Until 1979, few people knew, or even suspected, that Blunt had been involved with spying for the Soviet Union.  When this came out into the public domain, Blunt’s downfall commenced. He was stripped of his knighthood and his Honorary Fellowship at Cambridge’s Trinity College was rescinded. Also, Blunt resigned as a Fellow of the British Academy. Soon after his exposure as an espionage agent, who worked against his own country for the Soviet Union, Blunt ceased residing at Home House. In 1989, the Courtauld Institute shifted from Home House to larger premises in Somerset House in the Strand. Home House remained vacant until 1998, by which time it had been beautifully restored and adapted to become a private social club. During a recent visit to Home House when we were entertained by a friend, our host, a member, took us to see an interesting exhibit, which is housed in the wash basin area of one of the Club’s unisex toilets. We were shown a glass-fronted display case containing a wooden furniture item. It bears a label with the words: “From the bathroom of Sir Anthony Blunt”. The labelled object is the toilet seat on which Blunt must have sat numerous times, and its wooden lid.

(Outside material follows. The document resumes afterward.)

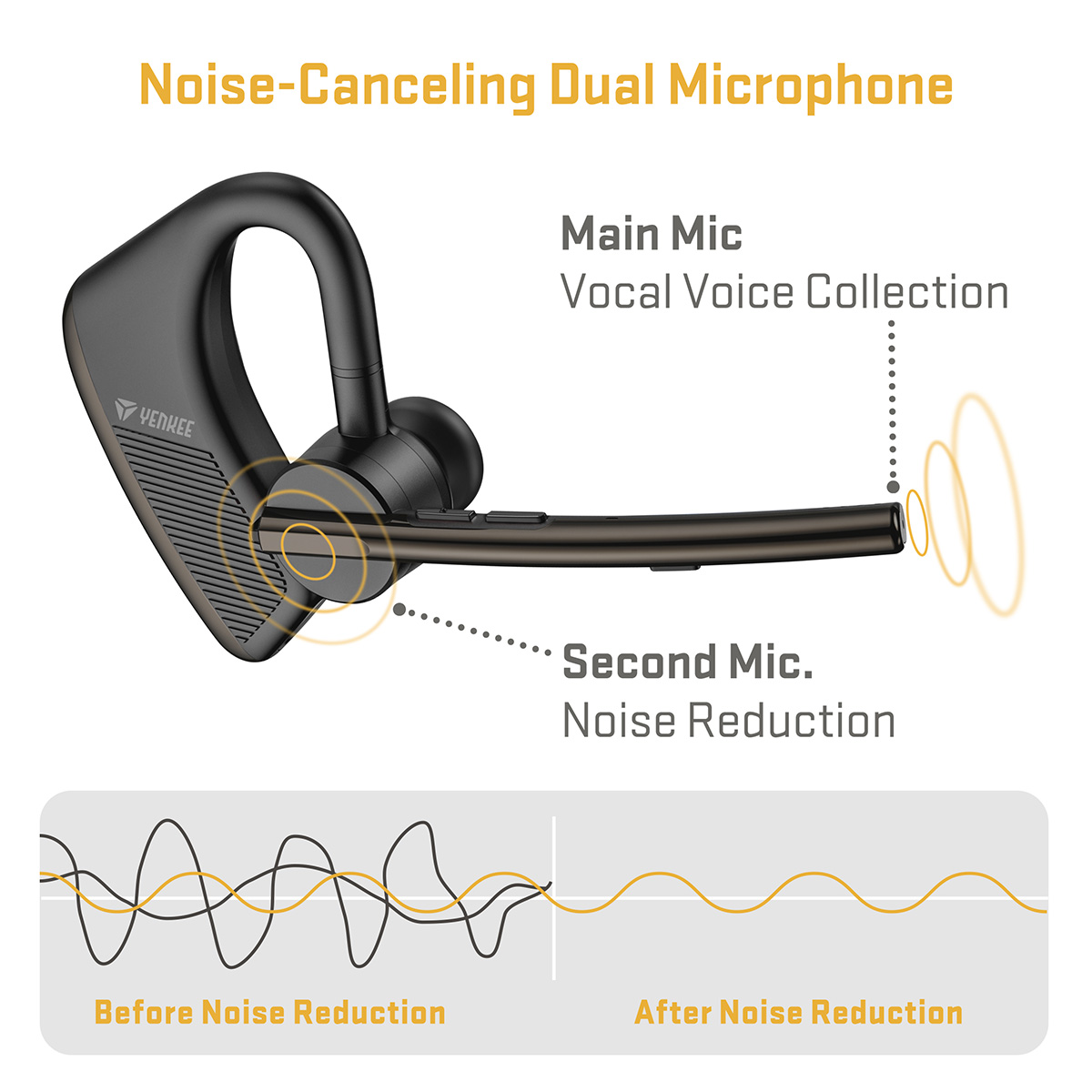 Duální mikrofon s potlačením hluku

Another case in the room contains Blunt’s telephone. Although the loo seat and the ‘phone are unremarkable except for their provenance, the rest of Home House is a visual delight.

A brave man

FIREFIGHTING IS NEVER without hazard. This is something that James Braidwood (1800-1861) knew only too well when he attended a fire in Tooley Street near London Bridge station on the 22nd of June 1861.

Braidwood was born in Edinburgh, Scotland and in 1824, he was appointed Master of Fire Engines just before The Great Fire of Edinburgh, which began on the 15th of November 1824 and lasted for 5 days. Having been trained as a surveyor, he understood building techniques and materials. This along with his recruitment of various types of tradesmen helped him deal with the conflagration. His methodical approach to firefighting gained him a good reputation.

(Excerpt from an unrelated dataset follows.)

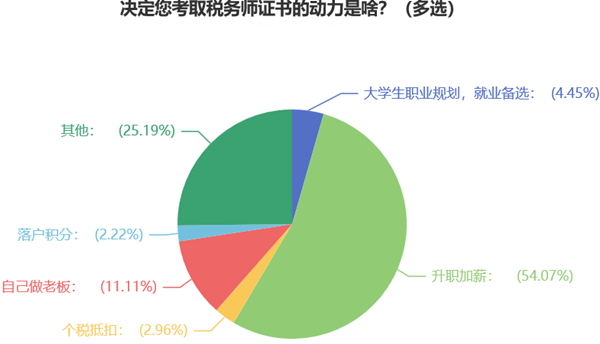 為什么報(bào)考稅務(wù)師6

In 1833. He left Edinburgh and shifted to London, where he took over the running of the city’s London Fire Engine Establishment, the forerunner of The London Fire Brigade. In October 1834, he was involved in tackling the fire that destroyed much of the Palace of Westminster. His reputation was already great when he attended the fire in Tooley Street on the 22nd of June 1861. Three hours after the fire broke out, he was crushed to death by a falling wall. It took two days to recover his body and he was given a hero’s funeral. The fire, which began in Cottons Wharf, continued to burn for a fortnight. The reasons for its long duration included:

“The first was that firefighters were unable to get a supply of water for nearly an hour due to the River Thames being at low tide. The second was that the iron fire doors, which separated many of the storage rooms in the warehouse, had been left open. It is believed that had they been closed, as recommended by James Braidwood, the Superintendent of the LFEE, the fire could have been contained, avoiding disaster.” (www.historic-uk.com/HistoryUK/HistoryofBritain/Tooley-Street-Fire/)

Overlooked by London’s recently constructed, glass-clad Shard, is short Cottons Lane that leads north from Tooley Street. Where these two roads meet, there is a sculptural plaque high up on a wall. It depicts a wreath entwined with a firefighting hose pipe. Behind the wreath, the artist carved the façade of a building with smoke billowing out of its windows. There also depictions of other tools used to fight fires in the 1860s when this memorial was constructed. Within the wreath. there are words:

“To the memory of James Braidwood, superintendent of the London Fire Brigade, who was killed near this spot in the execution of his duty at the great fire on 22nd June 1861” This is not the only memorial to Braidwood. Others, which I have not yet seen, can be found in Edinburgh and in Stoke Newington’s Abney Park, where Braidwood was buried.